## [Work task]
Reproduce the material that follows, please, but only from its first line to the line containing "Wireless Carplay Adapter", inclusive.

## [Task input]
━━━━━━━━━━━━━━━━

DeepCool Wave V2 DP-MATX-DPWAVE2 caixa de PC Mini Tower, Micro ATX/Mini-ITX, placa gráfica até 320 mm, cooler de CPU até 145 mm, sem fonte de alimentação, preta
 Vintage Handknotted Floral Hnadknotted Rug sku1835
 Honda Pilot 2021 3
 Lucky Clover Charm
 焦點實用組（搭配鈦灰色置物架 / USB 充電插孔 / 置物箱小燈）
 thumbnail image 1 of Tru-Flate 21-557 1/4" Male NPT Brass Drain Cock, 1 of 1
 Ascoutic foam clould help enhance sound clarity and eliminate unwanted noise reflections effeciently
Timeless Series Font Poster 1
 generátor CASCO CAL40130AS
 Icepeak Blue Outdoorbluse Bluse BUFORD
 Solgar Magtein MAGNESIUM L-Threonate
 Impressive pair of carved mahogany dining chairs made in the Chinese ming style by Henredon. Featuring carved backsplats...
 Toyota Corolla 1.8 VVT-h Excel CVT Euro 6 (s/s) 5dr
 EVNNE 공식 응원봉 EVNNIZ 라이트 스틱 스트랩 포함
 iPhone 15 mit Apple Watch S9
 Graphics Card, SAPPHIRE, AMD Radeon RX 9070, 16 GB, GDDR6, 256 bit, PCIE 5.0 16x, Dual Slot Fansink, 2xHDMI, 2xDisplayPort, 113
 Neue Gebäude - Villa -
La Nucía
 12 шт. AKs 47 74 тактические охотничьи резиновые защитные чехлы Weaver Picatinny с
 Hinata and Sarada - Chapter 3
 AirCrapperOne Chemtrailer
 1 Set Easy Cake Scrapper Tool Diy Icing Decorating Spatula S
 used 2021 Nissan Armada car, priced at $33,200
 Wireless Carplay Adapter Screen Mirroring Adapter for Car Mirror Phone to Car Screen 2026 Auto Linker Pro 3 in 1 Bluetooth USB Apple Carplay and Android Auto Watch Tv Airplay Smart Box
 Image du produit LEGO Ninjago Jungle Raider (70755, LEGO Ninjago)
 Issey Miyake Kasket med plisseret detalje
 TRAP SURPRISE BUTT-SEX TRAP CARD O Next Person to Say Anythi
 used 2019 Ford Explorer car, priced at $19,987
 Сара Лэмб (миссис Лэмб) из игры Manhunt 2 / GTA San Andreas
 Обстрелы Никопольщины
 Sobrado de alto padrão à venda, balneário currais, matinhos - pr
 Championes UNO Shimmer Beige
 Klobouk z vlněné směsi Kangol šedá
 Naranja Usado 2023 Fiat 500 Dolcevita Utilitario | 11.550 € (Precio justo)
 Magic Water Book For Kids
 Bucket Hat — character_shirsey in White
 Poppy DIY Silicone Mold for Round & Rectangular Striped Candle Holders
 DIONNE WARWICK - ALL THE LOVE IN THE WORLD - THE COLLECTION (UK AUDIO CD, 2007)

━━━━━━━━━━━━━━━━

## [Result of the task]
DeepCool Wave V2 DP-MATX-DPWAVE2 caixa de PC Mini Tower, Micro ATX/Mini-ITX, placa gráfica até 320 mm, cooler de CPU até 145 mm, sem fonte de alimentação, preta
 Vintage Handknotted Floral Hnadknotted Rug sku1835
 Honda Pilot 2021 3
 Lucky Clover Charm
 焦點實用組（搭配鈦灰色置物架 / USB 充電插孔 / 置物箱小燈）
 thumbnail image 1 of Tru-Flate 21-557 1/4" Male NPT Brass Drain Cock, 1 of 1
 Ascoutic foam clould help enhance sound clarity and eliminate unwanted noise reflections effeciently
Timeless Series Font Poster 1
 generátor CASCO CAL40130AS
 Icepeak Blue Outdoorbluse Bluse BUFORD
 Solgar Magtein MAGNESIUM L-Threonate
 Impressive pair of carved mahogany dining chairs made in the Chinese ming style by Henredon. Featuring carved backsplats...
 Toyota Corolla 1.8 VVT-h Excel CVT Euro 6 (s/s) 5dr
 EVNNE 공식 응원봉 EVNNIZ 라이트 스틱 스트랩 포함
 iPhone 15 mit Apple Watch S9
 Graphics Card, SAPPHIRE, AMD Radeon RX 9070, 16 GB, GDDR6, 256 bit, PCIE 5.0 16x, Dual Slot Fansink, 2xHDMI, 2xDisplayPort, 113
 Neue Gebäude - Villa -
La Nucía
 12 шт. AKs 47 74 тактические охотничьи резиновые защитные чехлы Weaver Picatinny с
 Hinata and Sarada - Chapter 3
 AirCrapperOne Chemtrailer
 1 Set Easy Cake Scrapper Tool Diy Icing Decorating Spatula S
 used 2021 Nissan Armada car, priced at $33,200
 Wireless Carplay Adapter Screen Mirroring Adapter for Car Mirror Phone to Car Screen 2026 Auto Linker Pro 3 in 1 Bluetooth USB Apple Carplay and Android Auto Watch Tv Airplay Smart Box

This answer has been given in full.